Wanting to try a custom wake word but not sure you can get a precise model made? Having problems getting a model built that works as expected? Just need some more data for your wake word?
Precise-Community-Data may be the place for you! It’s a place to build a community-sourced dataset, oriented specifically towards custom wake words.
For a limited time only, and for the simple price of uploading your wakewords, I’m doing automated custom builds of precise wakewords. Get your wake words and some not-wake-words uploaded, and I’ll build models for them over the following week (probably less). They’ll be automated builds based off your wakewords plus all the not-wake-word data I can use (google words, public noises archive, PCD nww’s, etc). No guarantee on the quality of the end model, they usually turn out high 90’s recognition percentage.
Feel free to post questions here, or upload data at the repo. We’re happy to start accepting more, and hope to build a much larger dataset for everyone to make better models from.

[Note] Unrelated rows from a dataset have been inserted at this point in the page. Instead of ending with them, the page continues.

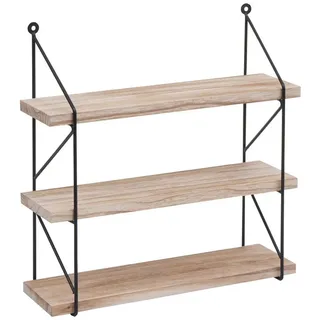 PROREGAL® Wandregal Hängeregal mit 3 Regalböden, 40 oder 60 cm breit, Farbe, Industrial, drei Ablageflächen, einfache Wandmontage und einfach schick 40 cm x 40 cm x 13 cm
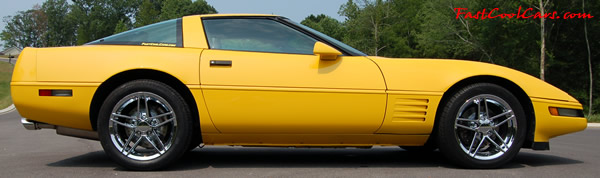 1994 Competition Yellow Chevrolet Corvette, 383 stroker LT1, 6 speed.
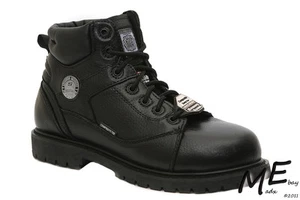 New Skechers Stedman Blaylock Leather Safety Toe Women Boots Sz 8 - 76547 - Picture 1 of 4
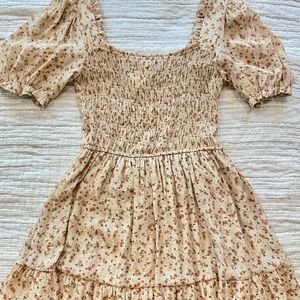 Floral puff sleeve mini dress. New with tags.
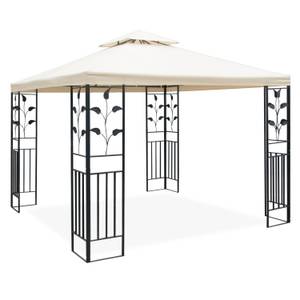 Ein Pavillon aus Metall kann auch als Rankhilfe für Pflanzen genutzt werden.
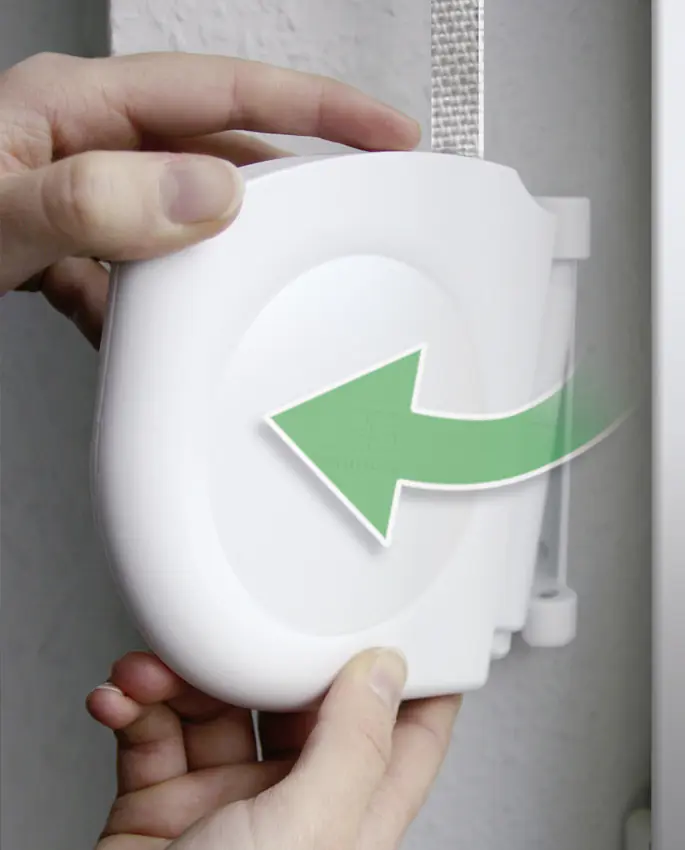 Schellenberg Design Aufschraubwickler Gurtwickler Mini weiß mit Gurt
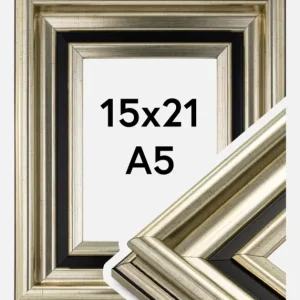 Fotolijst Gysinge Premium Glas Zilver 15x21 cm (A5) Prix Bas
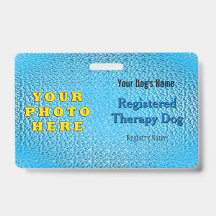 登録セラピードッグ – ブライトブルーバッジ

How many words do you need to upload?
For each wakeword at least 20. The more, the merrier.
Do you need to upload not-wake-words?
Yes…they’re at least as useful as wake words, and if you do targeted nww’s, even more so.
I don’t want to upload my voice since it might get recognized from my account, though.
Then don’t. Or make a secondary git account and upload from it. Or a tertiary one. Lots of ways to obfuscate things if you want. Most people and so far computers can’t accurately distinguish a very short sample of speech without additional context.
I don’t have a github account/know how to use git?
You should get one! The general usage isn’t too difficult. On the off chance you have some real issue with this, send me a message over on the chat system.
I don’t want to upload under public domain
there’s a couple other license types you can explore, but mainly the creative commons licenses that allow for derivative usage would be best.